Somewhere in there, the words to Cassidy arrived, complete and intact. I just found myself singing the song as though I'd known it for years.
I clanked back to my cabin in the gathering dusk. Alan Trist, an old friend of Bob Hunter's and a new friend of mine, was visiting. He'd been waiting for me there all day. Anxious to depart, I sent him out to nail wind-chinking on the horse barn while I typed up these words and packed. By nightfall, another great storm had arrived. We set out for Salt Lake in it, hoping to arrive there in time to close, one last time, the dark years between me and my father.
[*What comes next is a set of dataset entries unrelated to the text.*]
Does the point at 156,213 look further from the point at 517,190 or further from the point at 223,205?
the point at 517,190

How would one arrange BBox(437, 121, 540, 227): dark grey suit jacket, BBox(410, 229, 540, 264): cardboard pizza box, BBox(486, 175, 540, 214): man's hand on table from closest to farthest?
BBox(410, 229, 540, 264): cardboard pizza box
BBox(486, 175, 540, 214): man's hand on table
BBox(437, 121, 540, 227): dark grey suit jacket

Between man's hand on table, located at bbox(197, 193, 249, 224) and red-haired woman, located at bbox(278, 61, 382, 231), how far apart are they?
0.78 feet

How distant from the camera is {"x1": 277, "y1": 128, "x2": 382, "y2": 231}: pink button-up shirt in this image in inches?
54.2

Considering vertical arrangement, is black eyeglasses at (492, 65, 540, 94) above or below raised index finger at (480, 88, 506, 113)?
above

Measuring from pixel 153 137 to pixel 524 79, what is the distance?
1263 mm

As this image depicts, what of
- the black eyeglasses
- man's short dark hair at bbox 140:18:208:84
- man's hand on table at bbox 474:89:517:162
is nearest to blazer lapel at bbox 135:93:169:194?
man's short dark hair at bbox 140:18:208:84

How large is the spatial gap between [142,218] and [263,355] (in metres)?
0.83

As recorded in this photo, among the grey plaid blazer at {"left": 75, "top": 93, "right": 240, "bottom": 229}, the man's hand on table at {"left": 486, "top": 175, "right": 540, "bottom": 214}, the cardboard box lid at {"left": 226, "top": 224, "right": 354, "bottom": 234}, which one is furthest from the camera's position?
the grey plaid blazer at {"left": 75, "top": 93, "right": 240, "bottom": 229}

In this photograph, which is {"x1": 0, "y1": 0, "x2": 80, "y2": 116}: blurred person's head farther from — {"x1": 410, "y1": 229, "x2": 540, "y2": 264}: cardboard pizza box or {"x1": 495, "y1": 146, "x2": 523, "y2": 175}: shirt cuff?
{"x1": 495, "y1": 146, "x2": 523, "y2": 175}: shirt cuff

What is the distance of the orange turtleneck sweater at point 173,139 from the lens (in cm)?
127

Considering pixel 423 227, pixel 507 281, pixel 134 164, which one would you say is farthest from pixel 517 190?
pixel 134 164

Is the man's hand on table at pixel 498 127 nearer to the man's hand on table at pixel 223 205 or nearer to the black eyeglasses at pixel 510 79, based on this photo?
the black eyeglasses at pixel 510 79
Grateful Dead songs are alive. Like other living things, they grow and metamorphose over time. Their music changes a little every time they're played. The words, avidly interpreted and reinterpreted by generations of Deadheads, become accretions of meaning and cultural flavor rather than static assertions of intent. By now, the Deadheads have written this song to a greater extent than I ever did.
The context changes and thus, everything in it. What Cassidy meant to an audience, many of whom had actually known Neal personally, is quite different from what it means to an audience which has largely never heard of the guy.
Some things don't change. People die. Others get born to take their place. Storms cover the land with trouble. And then, always, the sun breaks through again.